Responsibilities
- Build and lead a team of Site Reliability Engineers focused on creating complex back-end infrastructure.
- Help improve the deployment process to make it as reliable and boring as possible.
- Ensure the team has effective monitoring coverage of our infrastructure, and ensure alerting is meaningful and actionable.
- Implement and support automated environment provisioning and container solutions with AWS cloud service
- Design and implement automated infrastructure solutions for our product platform
- Design and implement application monitoring and alerting solutions to get issues to the right people at the right time
Requirements & Qualifications
- A SRE Team Lead will have demonstrated capabilities with Platform as a Service, CI/CD and IaC.
- Have experience working on a fast-growing SaaS platform, either as an SRE or in a lead position
- Have experience as an SRE or DevOps engineer and still enjoy technical tasks
- Have an urge to build automation and tooling so that you never have to do the same work twice.
- Have an enthusiastic, go-for-it attitude.
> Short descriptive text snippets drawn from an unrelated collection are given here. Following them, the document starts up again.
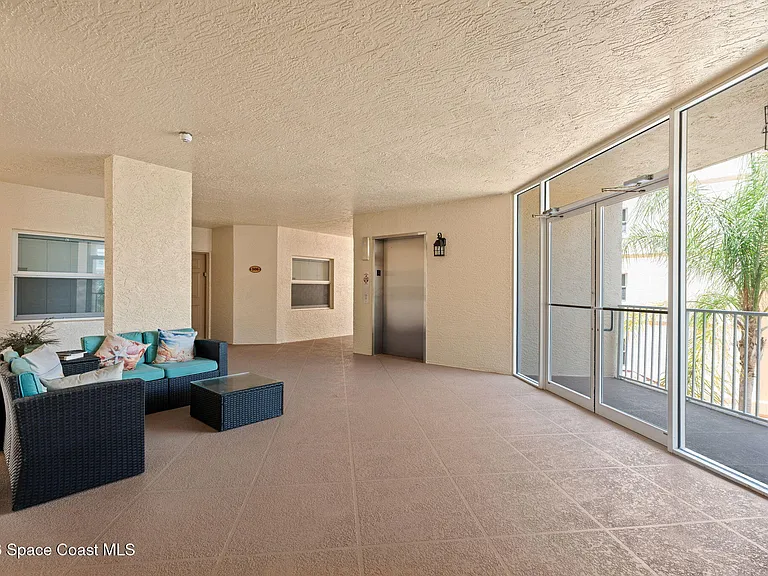 817 Mystic Dr #302 — Photo 4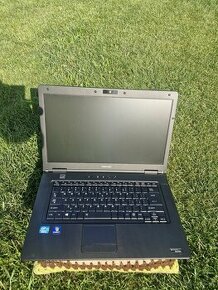 Toshiba Dynabook Satellite B552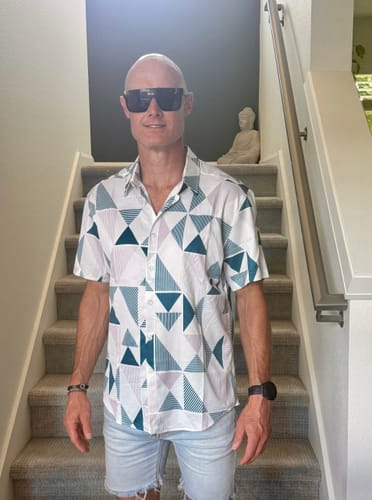 Customer photo review of Men's Casual Art Blue and White Triangle Geometric Print Short Sleeve Summer Beach Button Up Shirt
When you see something broken, you can't help but fix it.
- Have experience with Nginx, Docker, Kubernetes, Terraform, or similar technologies.
- Have experience with various Cloud providers like AWS, GCP, Azure, DO etc.,
- Ability to troubleshoot complex systems and environments
- Knowledge of full stack monitoring concepts and tooling from code to system resources
- Worked with CDN technologies (Akamai, Imperva, CloudFront, Cloudflare, Fastly, etc.)